As a consulting company, both the need and the drivers for alignment and cross-pollination of ideas on sustainability are built into their daily work process.
“Our company provides a broad range of services to our clients from architectural planning, programming, and design to engineered systems for buildings and processes, to environmental compliance and consulting,” Zoeteman said. “The real value we offer our clients is our capability to seamlessly consider challenges, integrate ideas, and provide coordinated solutions to extend the value of their investment and long-term return on their properties and operations.”
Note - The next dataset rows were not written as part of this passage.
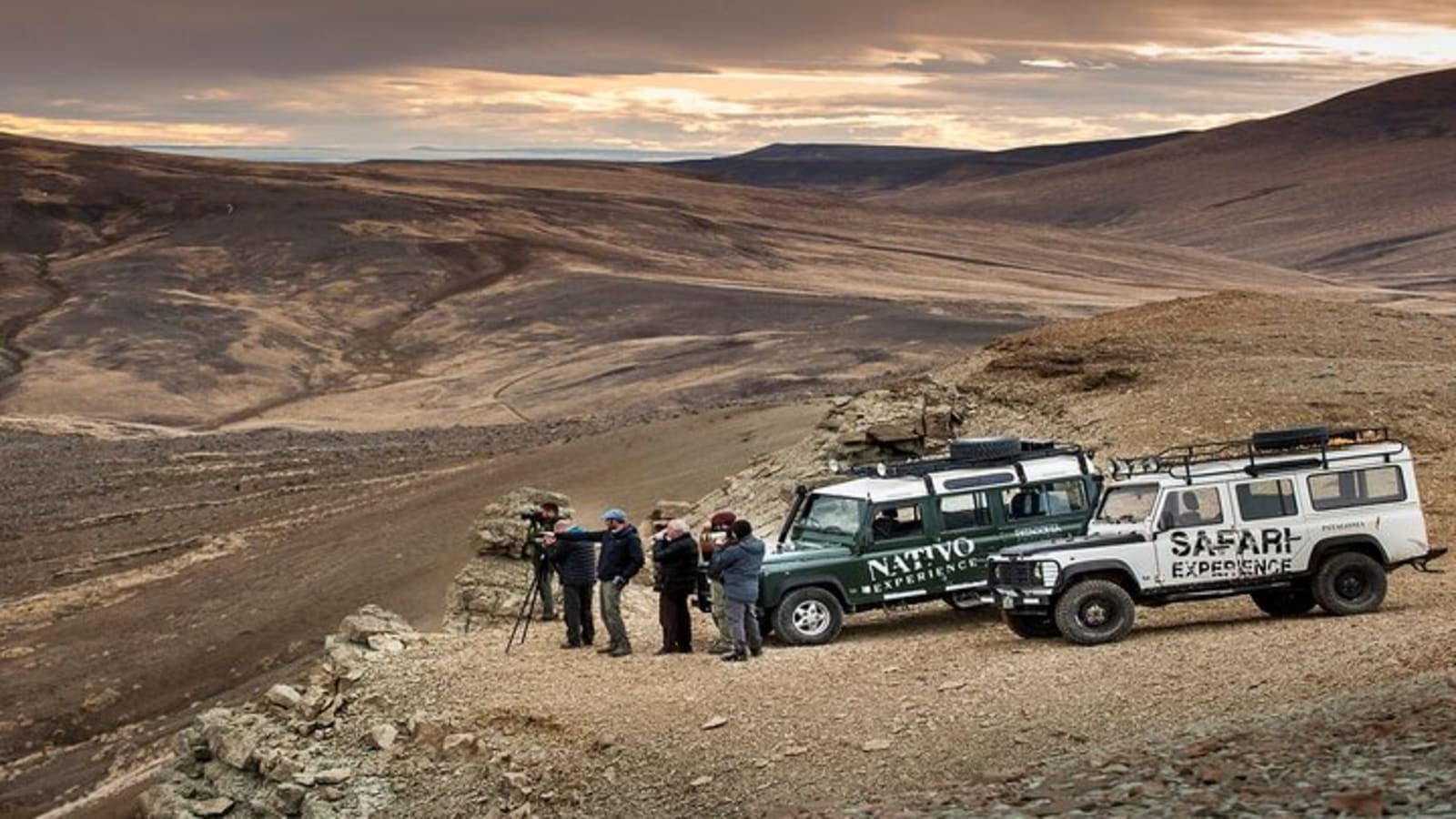 El Calafate Safari Experience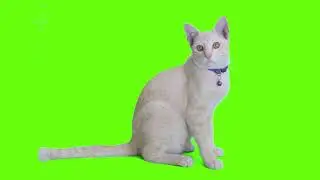 Green screen cat movement || copyright free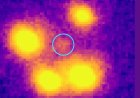 New Einstein Cross Reveals Surprising Galaxy Evolution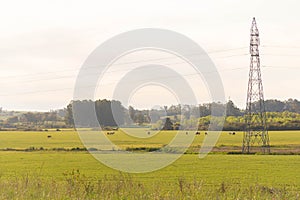 Farm and breeding area in the fields of the Pampa Biome in South America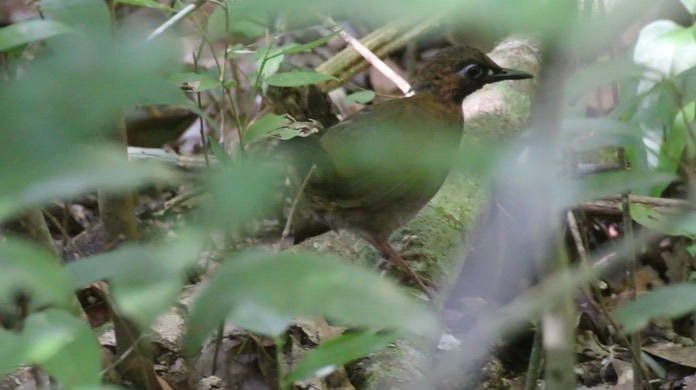Mexican Antthrush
Since FTCH continually strives to reduce their carbon footprint and remain committed to responsible environmental stewardship, the company joined the Michigan USGBC Battle of the Buildings (BOTB) Program because it fit well with their energy reduction goals. According to Zoeteman, it also allowed FTCH to showcase their specialized areas of existing building commissioning (EBCx) and energy auditing.
As a result of their participation in BOTB, FTCH instituted changes to the building systems and, perhaps more importantly, implemented simple operational and behavior modifications that help to substantially reduce their overall energy consumption. This included changes to their HVAC equipment and lighting fixtures to improve efficiency, in addition to something as simple as encouraging staff to make sure lights were off when leaving an office or conference room.
“Participating in the BOTB program has helped to re-energize these efforts among staff and reaffirm the importance of our ongoing commitment toward sustainability,” Zoeteman said.
FTCH will use the excitement of receiving the Office category award in the 2014 BOTB program to push forward with several exciting projects in 2015 and beyond. According to Zoeteman, FTCH is currently developing plans for a large university housing project and a new academic laboratory building in West Michigan, and is the LEED Administrator on a Southeast Michigan project that is proposed to be one of the first LEED-NC v4 projects in the world.
“We feel lucky to have so many clients willing to go the extra yard by engaging FTCH in the multi-discipline development of large-scale energy efficient LEED projects,” Zoeteman said.